A second point of focus between Japan and Texas is energy.  Last year, I was present at the groundbreaking ceremonies of both the Freeport and the Cameron Liquefied Natural Gas projects.  I witnessed the groundbreaking of a CO2 capture and oil recovery project at Fort Bent County.  I also had the pleasure of accompanying a Japanese Parliamentarians’ delegation to the Barnet Shale Gas Project. Although currently there are fluctuations in oil prices, I believe that these long-term cooperative projects between Japan and Texas will continue for the benefit of both sides.

Finally, my third point brings two major Texan metropolitan areas together through the proposed High Speed Rail that will link Dallas and Houston. These are the three main pillars which show even the future is bigger for Japan and Texas relations.

All those who have kindly gathered here tonight are exactly the type of leaders who have the power to turn these promising predictions of growth into a reality.  I’m very happy and proud to say that no one from the Japanese side has displayed such a thoughtful and imaginative initiative and a strong leadership more than Chairman Yoshiyuki Kasai of Central Japan Railway.

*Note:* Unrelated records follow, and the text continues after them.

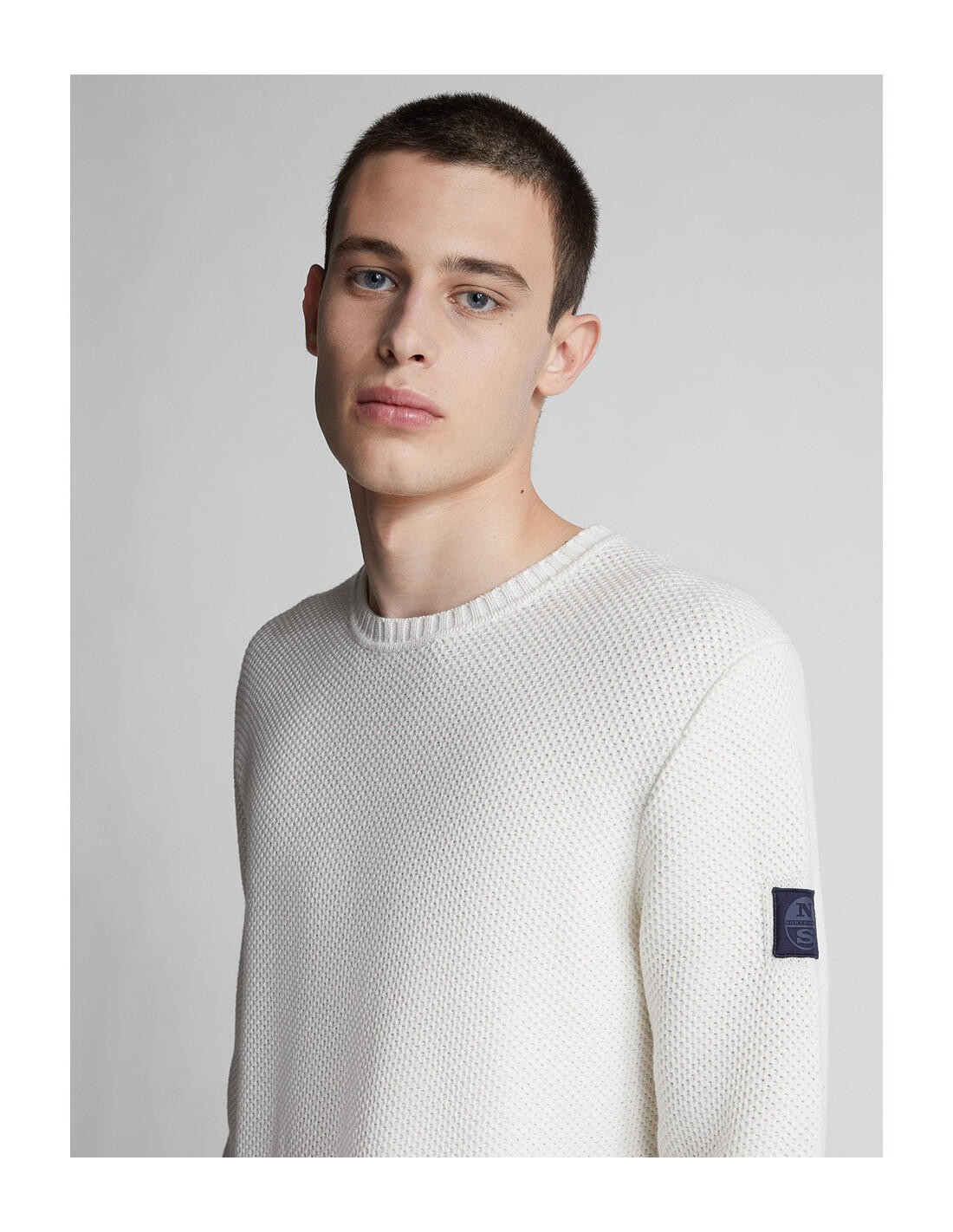 Pull en coton et laine NORTH SAILS 4/5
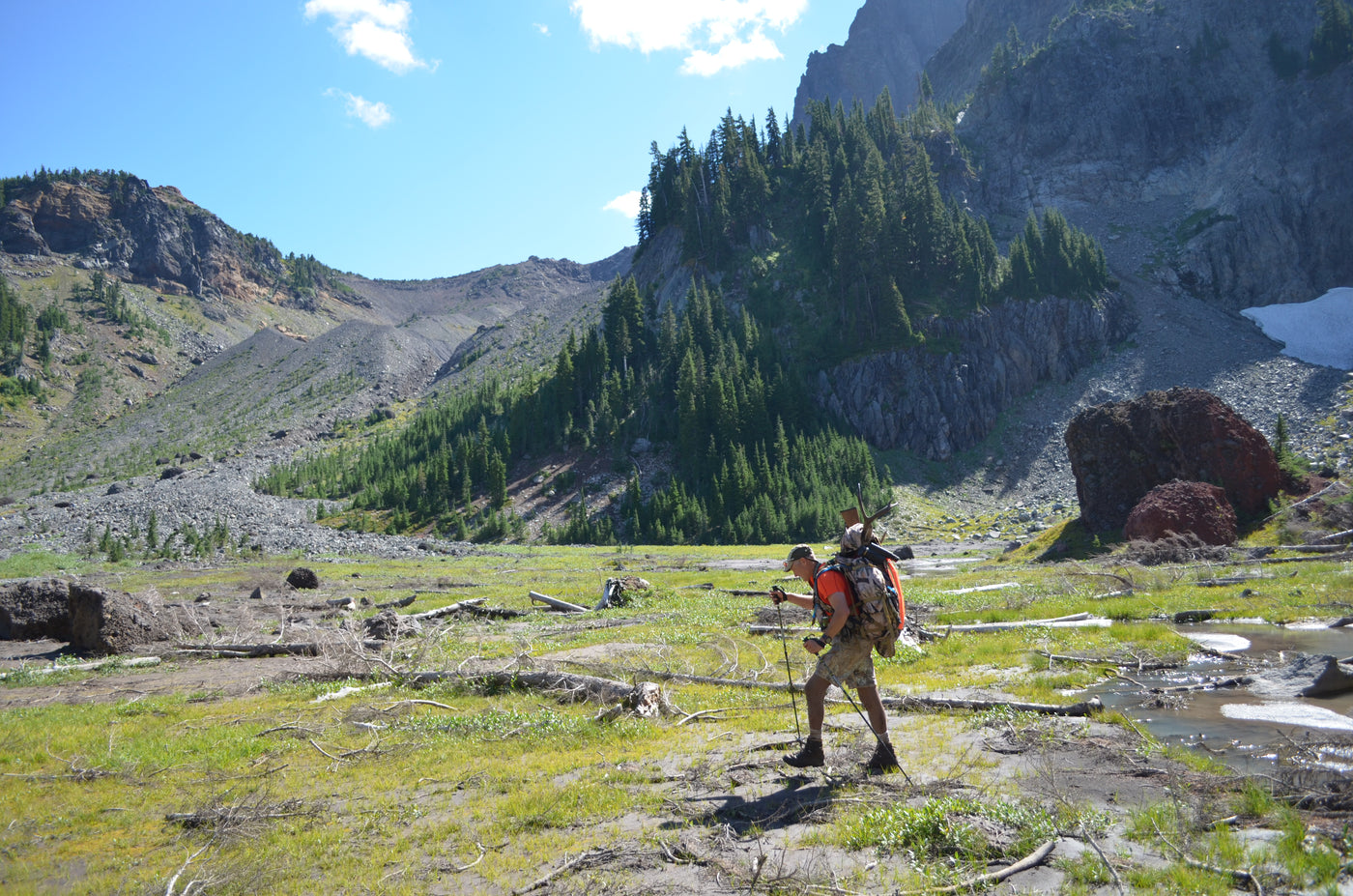 High Country meat haul on WholeShabang! back pack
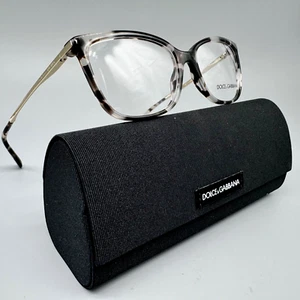DOLCE & GABBANA DG 3243 / 2888 Unisex Eyeglasses 54-17-140 Grey Marble 100% - Picture 1 of 8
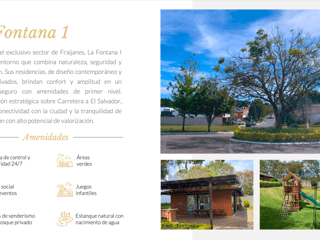 Modernas y PreciosasCasas en Venta – La Fontana 1 Km 25, Carretera a El Salvador - Image 3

I would like to take this opportunity to commend his most inspiring contribution to the Japan-Texas cooperation.

Another thing I often say is that Texas represents a happy marriage of economic prosperity, cultural beauty and international diversity.  It is in that where Ann and Gabriel Barbier-Mueller have enhanced Texas’s gifts with their museum and the Samurai Collection.  Such exquisite pieces paired together as their museum has done are rare to see in one place even in Japan.  I am so glad that thanks to them Japanese art and history has become a part of the prosperous international culture of Dallas/Fort Worth.

In gratitude to all those honored tonight and for everyone else who could join us this evening, I propose a toast to the success of many cooperative ventures between Japan and Texas, large-scale, small-scale, long-term, short-term, and to the great future ahead for Japan and Texas and the United States, and to great prosperity and happiness for everyone.